# Trysler Numbers



## Desperado

Wanting to hit the grounds for the first time. If anyone has numbers they are willing to share it would be greatly appreciated if you would send me a PM. I hate to ask for numbers, but hey, I'm desperate to hit some local live bottom! Thanks in advance and be safe!


----------



## MrFish

They're on here. Do a search for them. If you still can't find them let me know and I'll find my chart.


----------



## Desperado

Well, I pulled some numbers from the MBT site and did two drops and found.......sand. Oh well, maybe better luck next time. I did hit the I10 rubble and took an AJ and grouper while ridding the gulf of one lionfish. Nothing lost and all divers safe, so I will chalk it up as a good day!


----------



## WhackUmStackUm

Sorry, Bro. Which I had some Trysler Ground number to pass along.

I've had such poor luck with the MBT numbers, I had to stop using them. Too many sand-drops.

I'm considering creating a website for verified numbers with side-scan images and diver video.


----------



## Plattinum

Desperado said:


> Well, I pulled some numbers from the MBT site and did two drops and found.......sand. Oh well, maybe better luck next time. I did hit the I10 rubble and took an AJ and grouper while ridding the gulf of one lionfish. Nothing lost and all divers safe, so I will chalk it up as a good day!


I feel your pain. My first try on the Trysler Grounds using some MBT numbers a few weeks ago was the same result. Sand Bottom. I will not give up on the Trysler Grounds yet. If I do have success one of these days, I will post the numbers.


----------



## coolbluestreak

WhackUmStackUm said:


> I'm considering creating a website for verified numbers with side-scan images and diver video.


Please do! 
I was by MBT yesterday on our way out and asked to guy working if the #'s I got off of there site were any good and he said that some are but the county has some #'s that are better.


----------



## WhackUmStackUm

I have had good luck with the Escambia County numbers: http://www.myescambia.com/Bureaus/CommunityServices/documents/2011Artificial%20reefMASTER%20list.pdf 

Unfortunatly there are no natural bottom numbers on this list.


----------



## lastcast

These are the #'s from Reefball.com
TRYSLER GROUND 29*54.62 87*27.13


----------



## Desperado

Thanks lastcast, I'll try those and report back to the forum!


----------



## swander

Here you go. 29 58.143 87 23.420. Even show you what it looks like at the spot.
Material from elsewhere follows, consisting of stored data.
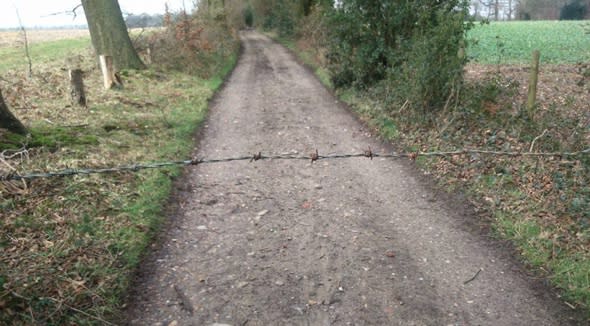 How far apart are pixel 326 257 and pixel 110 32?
13.1m

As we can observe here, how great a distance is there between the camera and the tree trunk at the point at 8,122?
263 inches

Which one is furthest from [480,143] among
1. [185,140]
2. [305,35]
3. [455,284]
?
[305,35]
Plenty of other spots close to this #. Check out the video :thumbsup:

http://vimeo.com/28247978


----------



## Plattinum

swander said:


> Here you go. 29 58.143 87 23.420. Even show you what it looks like at the spot. Plenty of other spots close to this #. Check out the video :thumbsup:
> 
> http://vimeo.com/28247978


Thanks. I am sure most of us have felt the pain of diving sand bottom at some time in our dive logs. It really hurts after motoring ~60 miles round trip @ $3.40-$4.00/gallon, when you could have accomplished the same for free just snorkeling at the beach. OK, I must admit, I just love being in a boat out on the water, but it still sucks diving nothing but sand.

As mentioned early in the thread, If I dive these numbers or any others around the Trysler Grounds and have success, I will post.


----------



## shootfirst

Go to that general area and just cruise - you will find a lot of spots with your bottom machine. Rocks everywhere !


----------



## WhackUmStackUm

shootfirst said:


> Go to that general area and just cruise - you will find a lot of spots with your bottom machine. Rocks everywhere !


Sweet! I hope to take my side-scan sonar fish out there this week and get some pics to post.


----------



## shootfirst

If you are looking for rock bottom, I usually hit the 21 hole also. same thing, cruise and find smaller spots that may not see as much activity. It's not far from there to the E side of the tryslers.


----------



## WhackUmStackUm

swander said:


> Here you go. 29 58.143 87 23.420. Even show you what it looks like at the spot. Plenty of other spots close to this #.


I took some side-scan images of the area near the location you posted. You can find the pics here:

http://www.pensacolafishingforum.com/f25/hard-bottom-images-21-hole-98836/


----------